Morris’s musicality and his feelings about the tale attached to it find a beautiful companionship in what would normally be the pas de deux for the Sugar Plum Fairy and a previously unseen Cavalier. To this melodious, gradually soaring music, Morris brings the ardent young Drosselmeier and ex-Nutcracker (Aaron Loux) together with shyly maturing Marie, but they are not alone. Squads of characters from all the previous ensembles run in and out to lift each of the two in turn. Rats and flowers and snowflakes dance in unison throngs, along with representatives of the cultures visited, the costumed men who moved the furniture and changed some of the performers’ costumes on stage, and Marie’s brother and sister. You see these hard-dancing people as fostering this courtship, assembling everyone who brought us to this fairytale moment.

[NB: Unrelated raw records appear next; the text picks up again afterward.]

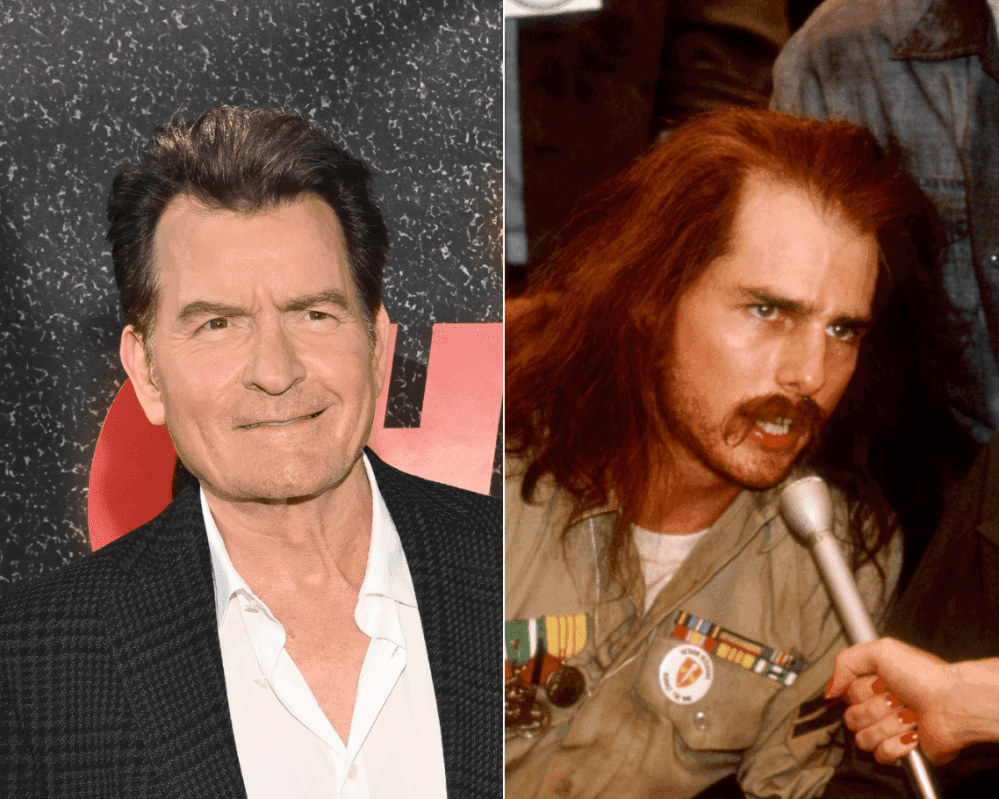 Charlie Sheen Reflects on Tom Cruise's 'Born on the Fourth of July' Casting Controversy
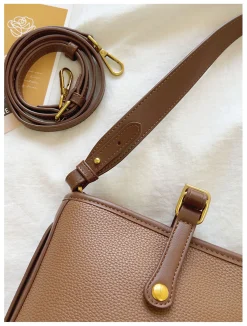 Elena Handbags Chic Leather Bucket Bag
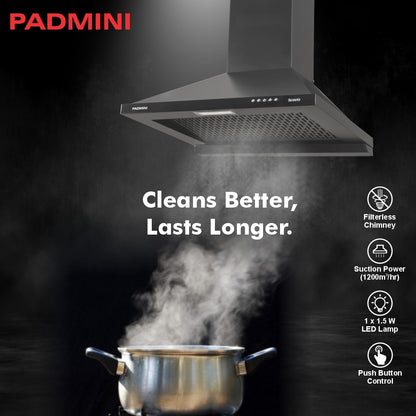 PADMINI Electric Chimney Bravo 60 FL (FILTERLESS)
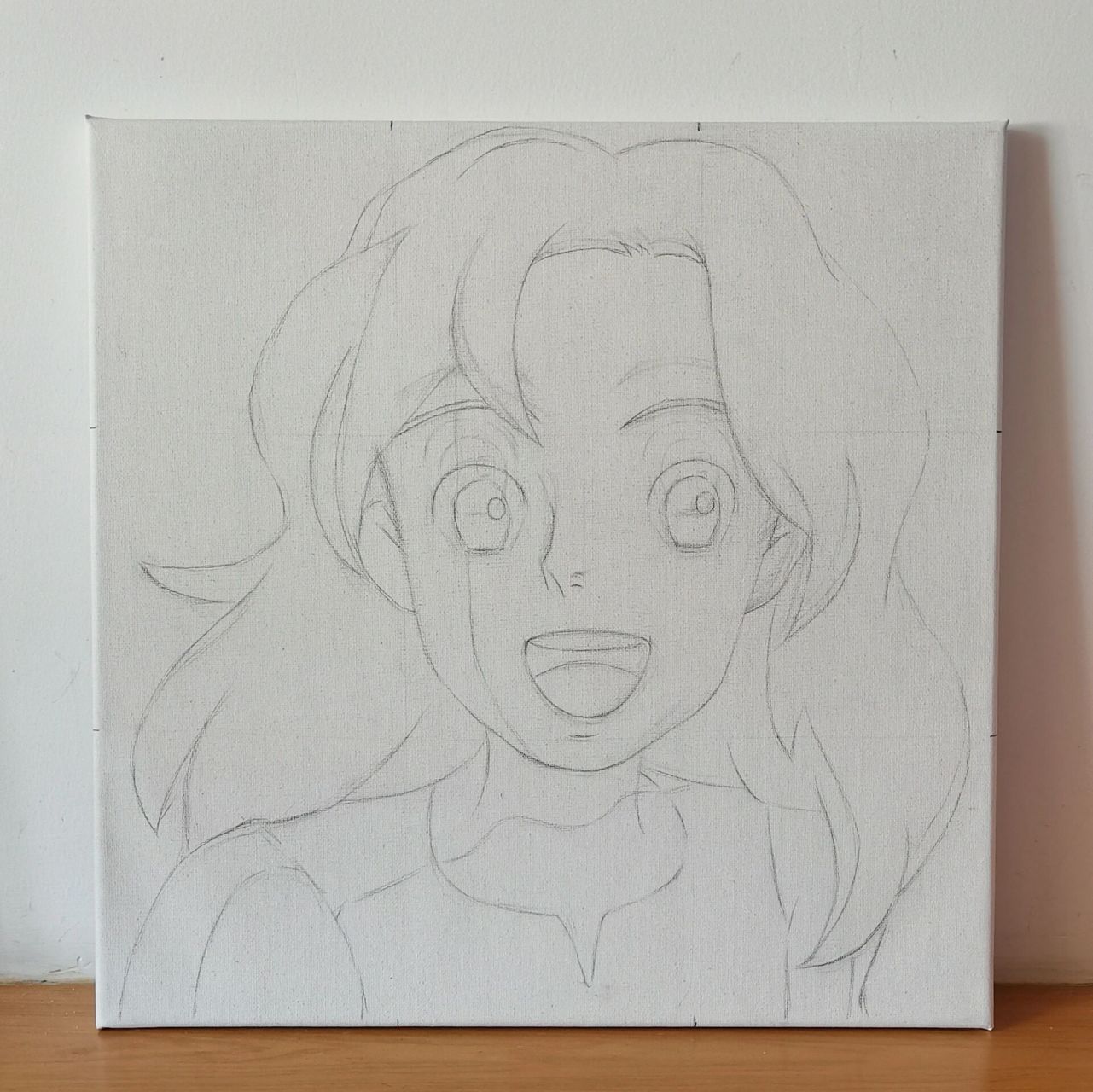 丙烯画|宫崎骏—借东西的小人阿莉埃蒂 40×40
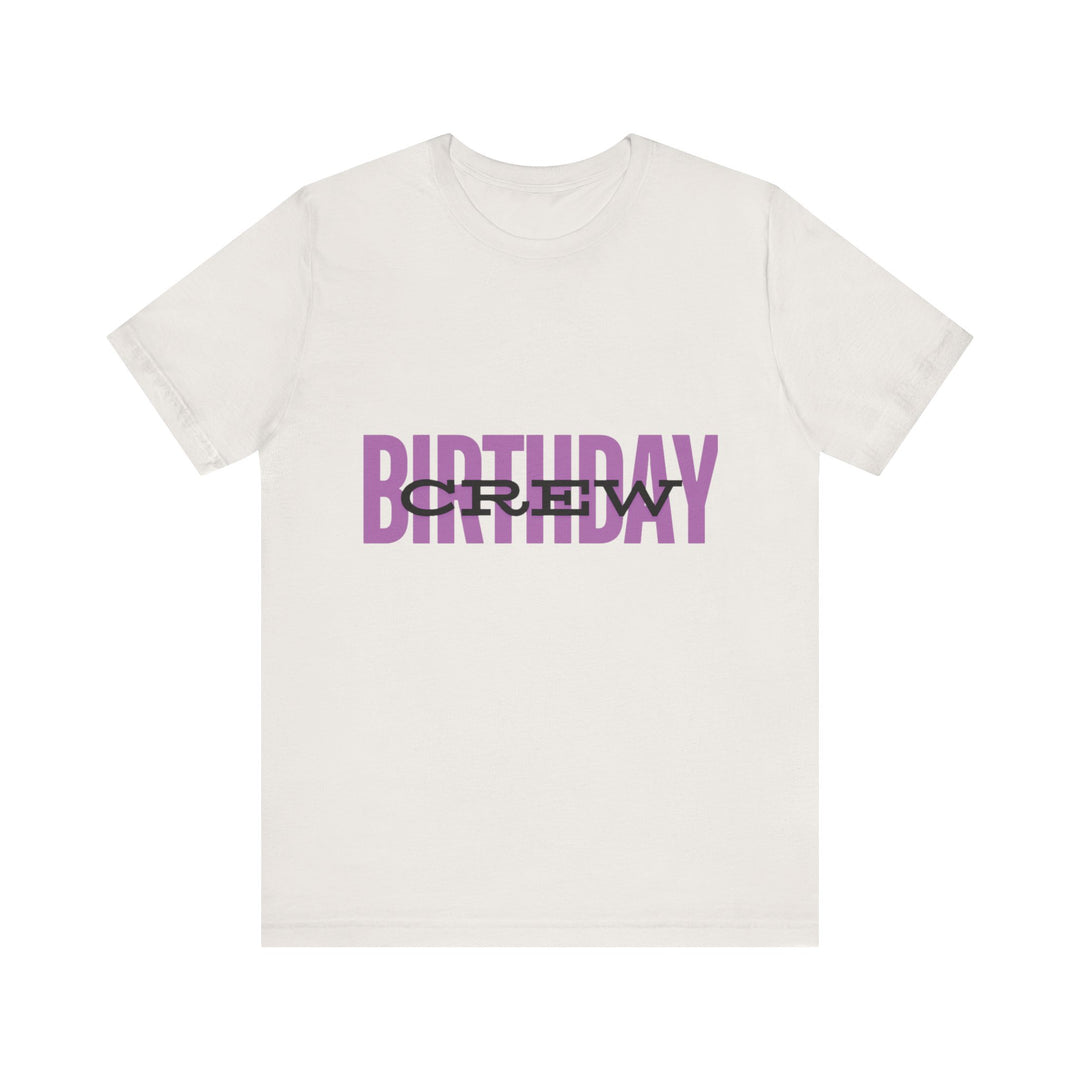 Vibrant 'Birthday Crew' Tee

The duet that develops within the rising flurry and after the group has formally presented Loux to Grant is not your usual pas de deux. He does not lift her or support her. They are to be equal in this partnership. To the lilting music that usually accompanies the Sugar Plum Fairy’s Act II solo, they duplicate several serene, guiding embraces—one person’s front pressed against the other’s back and held there by a protective arm—with which Drosselmeier in an earlier duet seemed to be instructing his young relative. The duet for these two splendid dancers isn’t fancy; it’s keyed to Marie’s innocence and goodness. He dances for her and she for him; they find equanimity in the same springy steps. As they rush together and apart, they seem to grow into new roles. He tries to kiss her, but she, surprised, draws back. He kisses her hand a few times as she retreats. But suddenly, after a few-seconds disappearance from the stage, she’s ready for kissing, and they can’t get enough of it. They’re alone at the end of the piece, walking together toward the unknown future that the back of the stage so often represents.